Family Christian Center, commonly abbreviated to FCC, is a megachurch located in Munster, Indiana. Today, Steve Munsey is the senior pastor at Family Christian Center.

==History==
It was founded in the early 1950s by Bishop Frank Munsey and his wife, Ruth. The nondenominational church has 30,000 members, and even has a Starbucks in the lobby. Drama is used to supplement the preaching, such as by reenacting a battle scene to commemorate the beginning of the second Gulf War. The church also put on 3 yearly productions - Choices (formerly known as HearBreak Hotel/Hotel Hallelujah), Scrooge: The Musical, and Jesus of Nazareth. Other productions, such as Yellow Brick Road and White Throne Judgement, have been done also over the years. FCC is one of the fastest growing churches in the United States and listed as Outreach Magazine's 17th largest Church in the United States.
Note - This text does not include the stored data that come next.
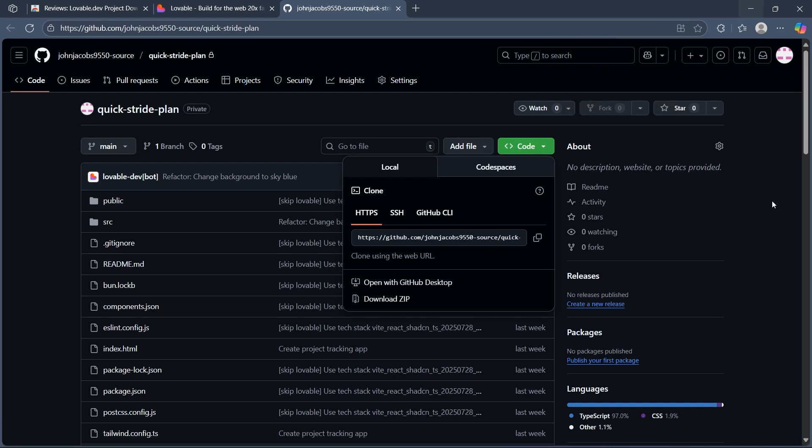So, that's the simple way to which you can download your project from Lovable. If you found this tutorial helpful, please don't forget to give it a thumbs up and thanks for watching.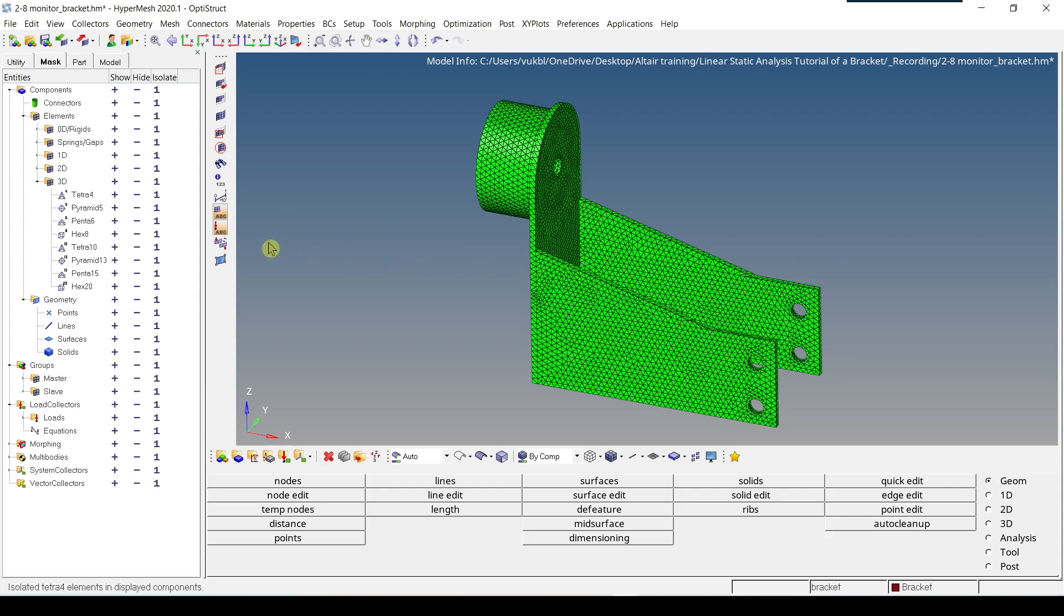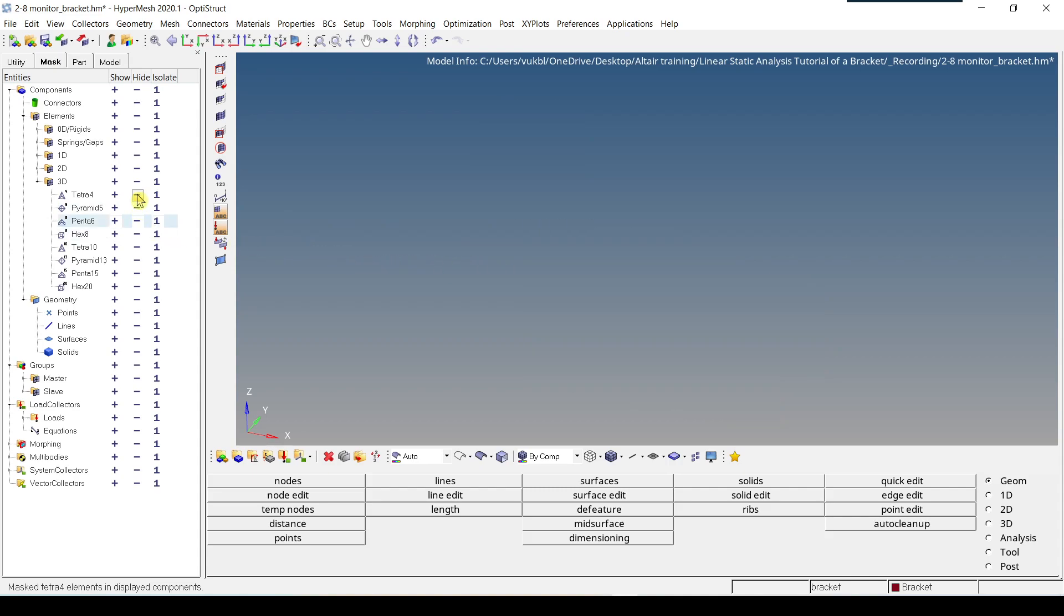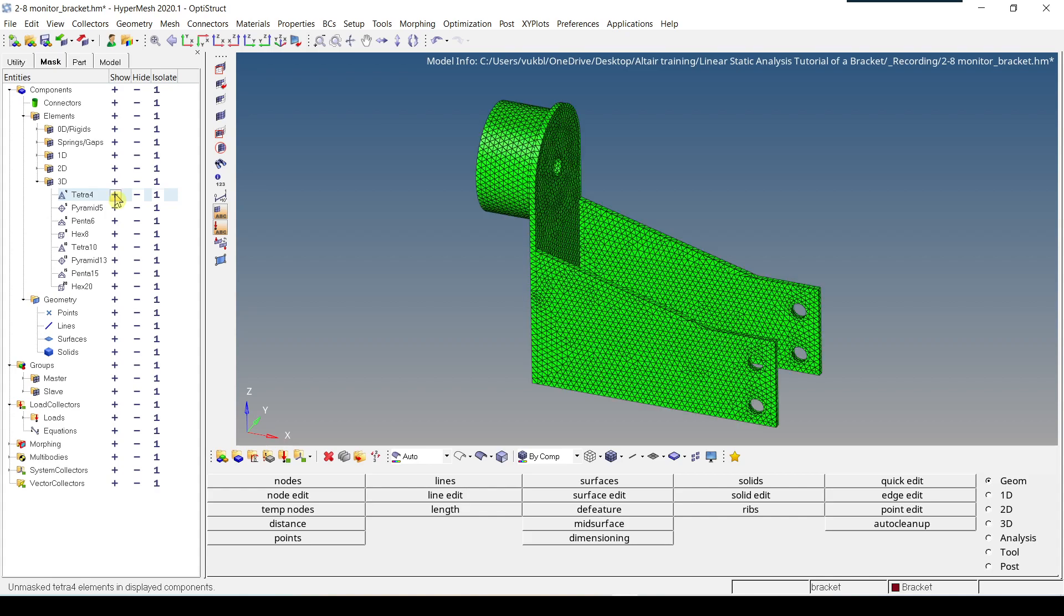If you want to hide Tether 4 elements, you just have to click on this small minus and everything is hidden. And then if you want to show Tether 4 elements, you just have to click on plus and all the Tether 4 are displayed.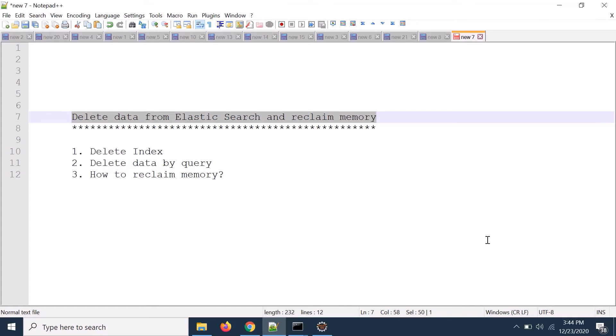Welcome back to the topic microservices and centralized logging. Today we will discuss how to delete data from Elasticsearch and reclaim the memory.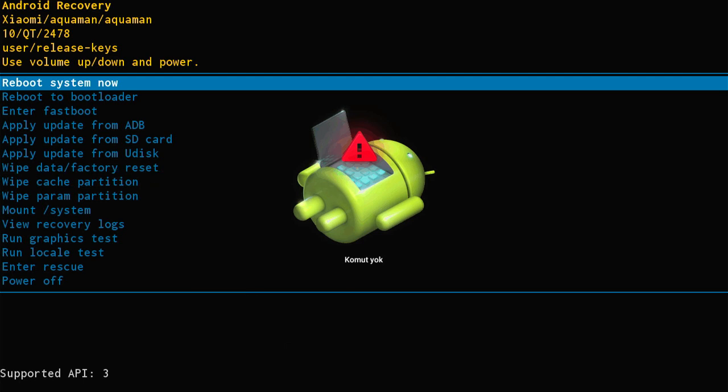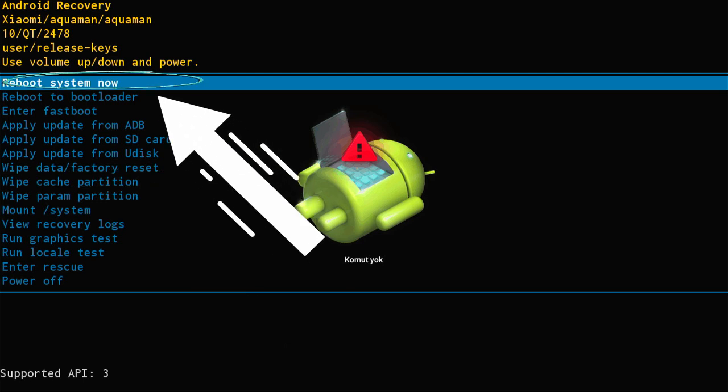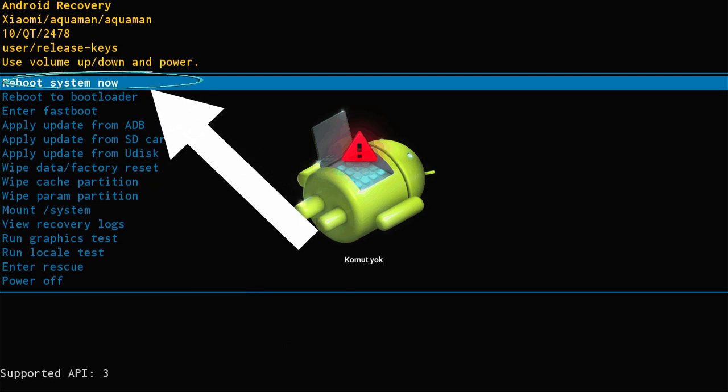Wipe cache partition. Use this option to clear temporary files. Reboot system. Now, after completing the previous steps, select this option to restart your device.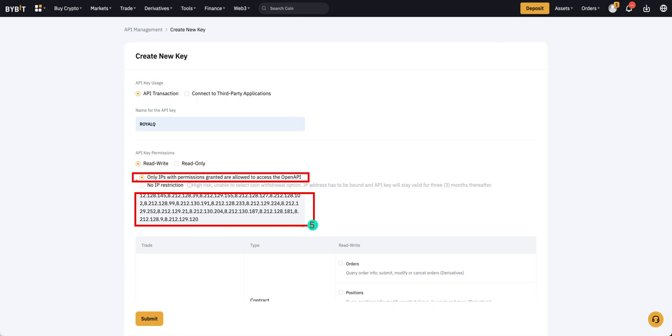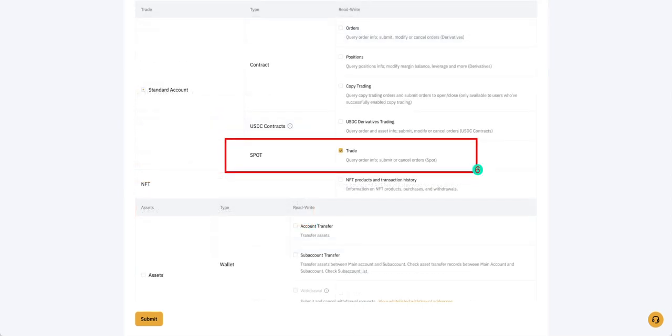Select 'Only IPs with permissions granted are allowed to access the open API' and paste the IP address copied from the Royal Q API binding page. Scroll down the page, check Spot Trade.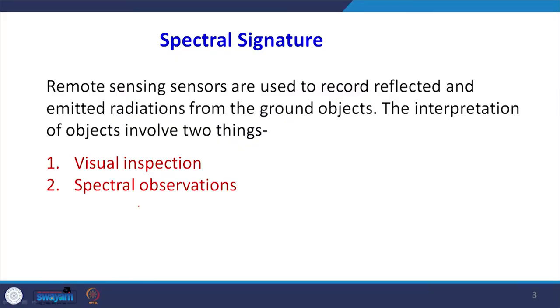Remote sensing sensors work in different wavelength regions, and the reflectance in each wavelength region is recorded, so the reflectance value will be different in each region. When we have those values and see them in the form of grayscale, we try to extract information visually. We look at the image and see what features are visible on the basis of the different gray shades, which represent different digital numbers or spectral reflectance values.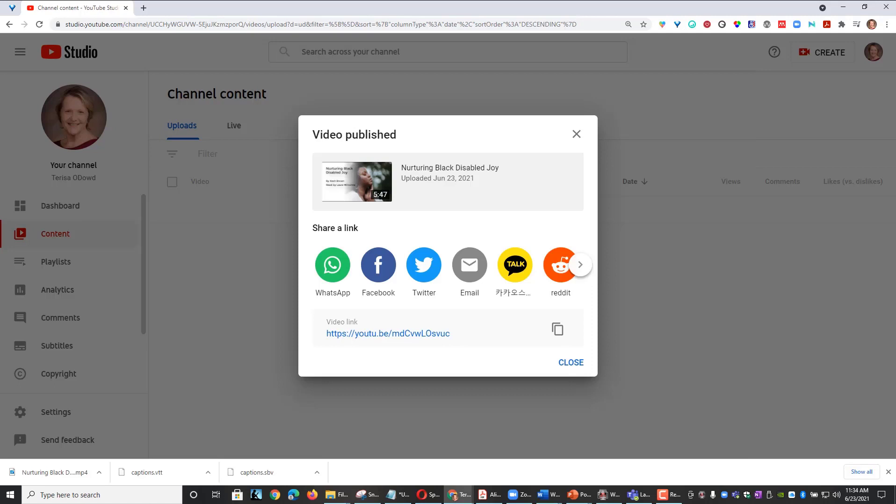This next page gives you options to share your video or to preview your video. You can copy the address by selecting the Copy Video link box and click Close.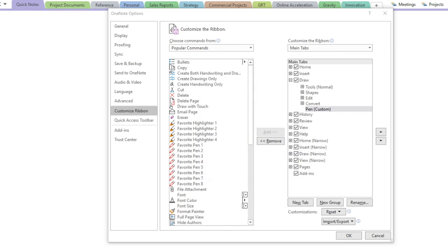Now we can go back to the Wacom tablet properties to assign the favorite pen and highlighter to the two buttons on the pen. Make sure the OneNote application is selected and make sure Grip Pen is selected. For the first button, I want to assign it to my favorite pen: click on it, keyboard, keystroke — hit ALT D, and then the shortcut key is Y1 for the pen. Hit OK. And then for the second button: keyboard, keystroke, ALT D, and Y2. We can rename this 'highlighter.' Hit OK, and we can close it out.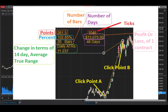You also get the number of bars between the two points, as well as that in terms of actual days — so the difference would account for weekends in between the two. Another very useful piece of information this ruler displays is the percent change divided by the average true range of the last 14 days, which puts it in perspective and is especially useful for historical analysis.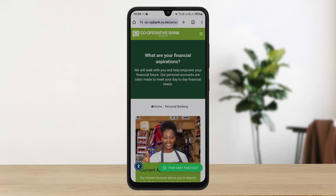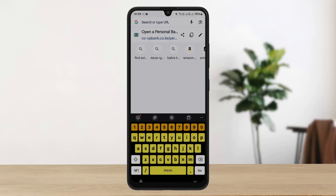The process itself is pretty simple and easy. You have two different options: you can either get the Co-operative Bank online banking application from your Play Store or App Store and log into your account, or if you want to log in on the web you can simply head into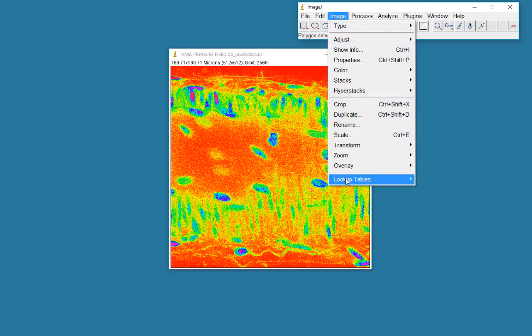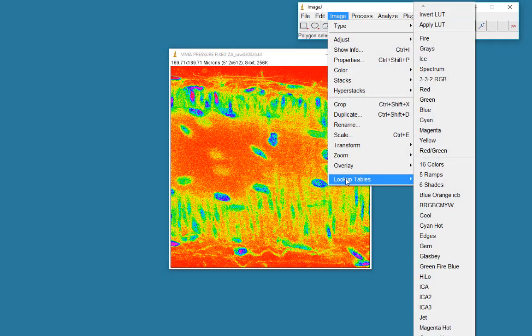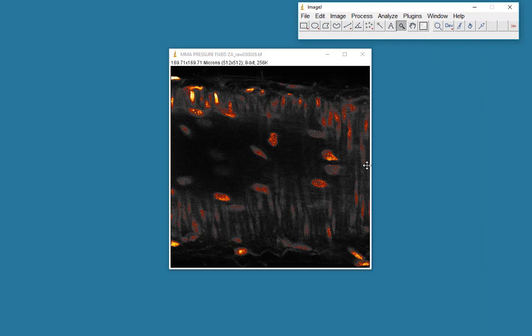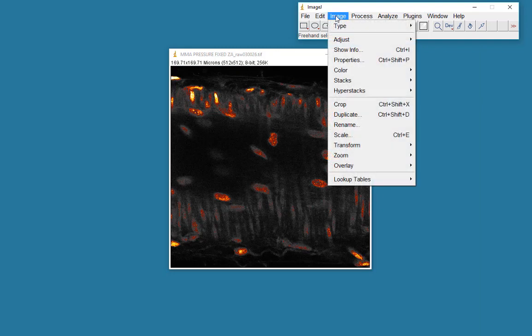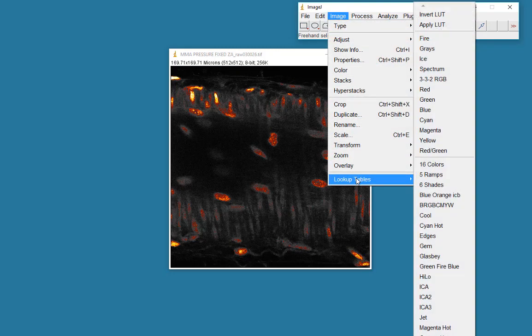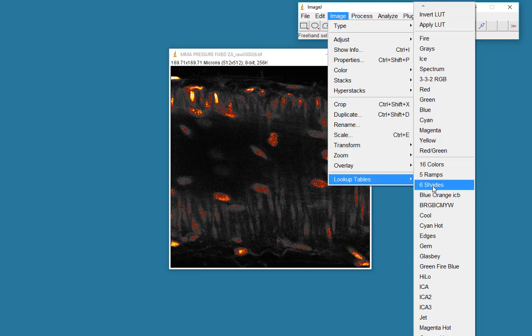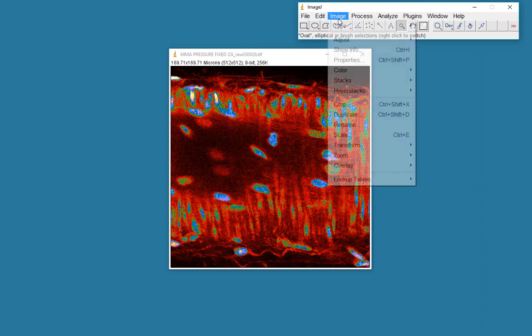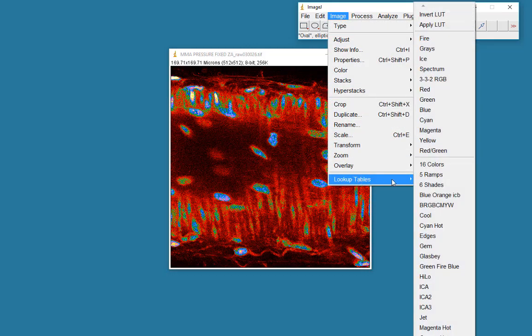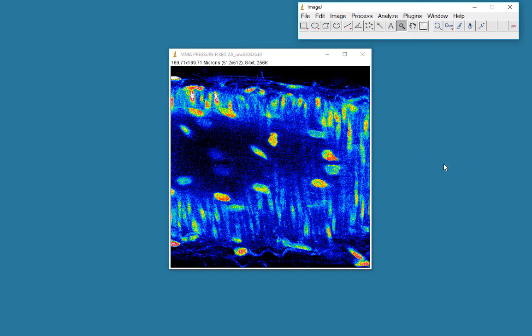Let's look at a few other different lookup tables. One of my favorites is the smart lookup table, which is quite nice for showing the brightest points. Maybe we want to just change the lookup table so that we have very few shades. Let's say just six shades. There are only six colors here. Maybe 16 colors. Sometimes quite useful.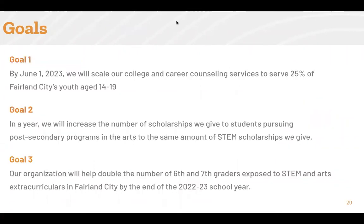Here are some goals they put together for their work in the upcoming year. Example one: By June 1, 2023, we will scale our college and career counseling services to serve 25% of Fairland City's youth aged 14 to 19. Example two: In a year, we will increase the number of scholarships we give to students pursuing post-secondary programs in the arts to the same amount of STEM scholarships we give. Example three: Our organization will help double the number of 6th and 7th graders exposed to STEM and arts extracurriculars in Fairland City by the end of the 2022-23 school year.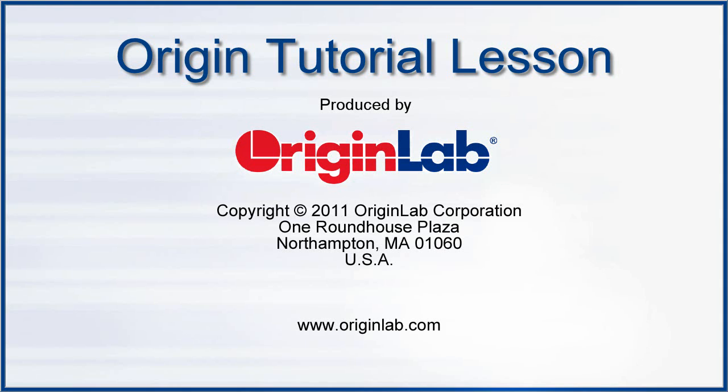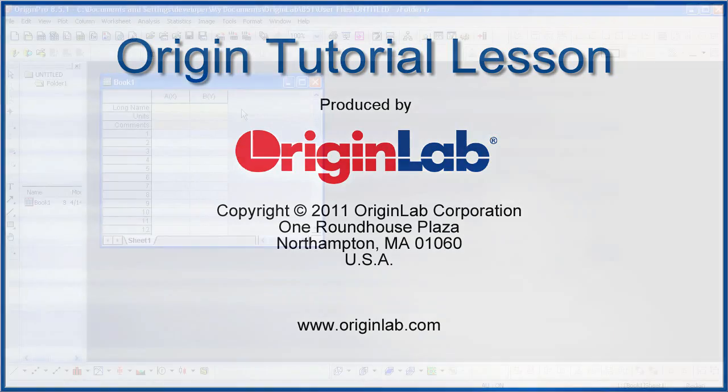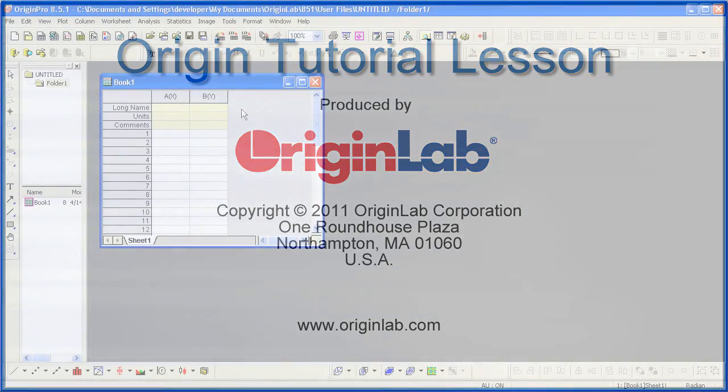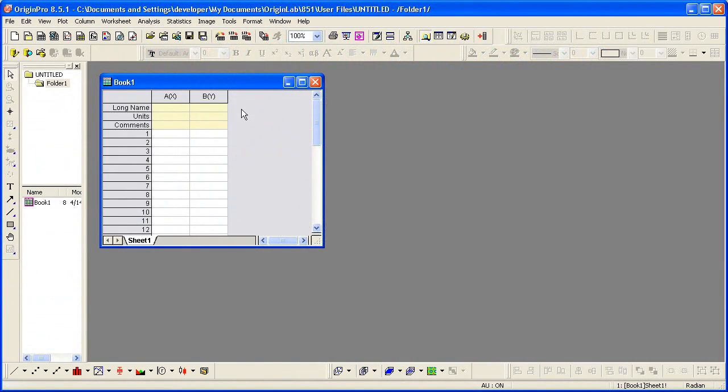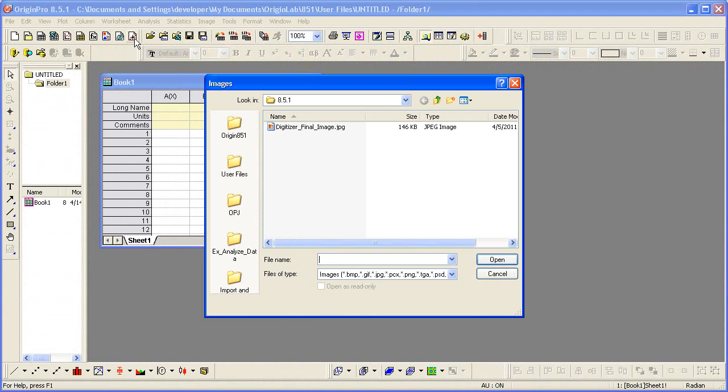The Digitizer allows you to capture data from images of graphs. To import an image file of a graph into Origin and digitize data points one by one, click the Digitize Image button on the standard toolbar.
Beginning with Saturday evening and continuing through Sunday morning, FCC holds four services each lasting 90 minutes. There is also a 6 p.m. service each Wednesday night. It now features a church in the back gymnasium for teenagers and young adults called Two52 Youth Culture. The church also features a radio station(88.3 FM Crosstower radio) and can be heard within 12 miles of the building in Munster. FCC has also branched off into the city of Chicago. City Church is run by Pastor Kent Munsey, Pastor Steve Munsey's son, and Kent's wife Alli. City Church holds three services on Sundays, two in the morning and one in the evening.

In November 2018, CBS News listed Family Christian Center as the 27th largest megachurch in the United States with about 15,540 weekly visitors.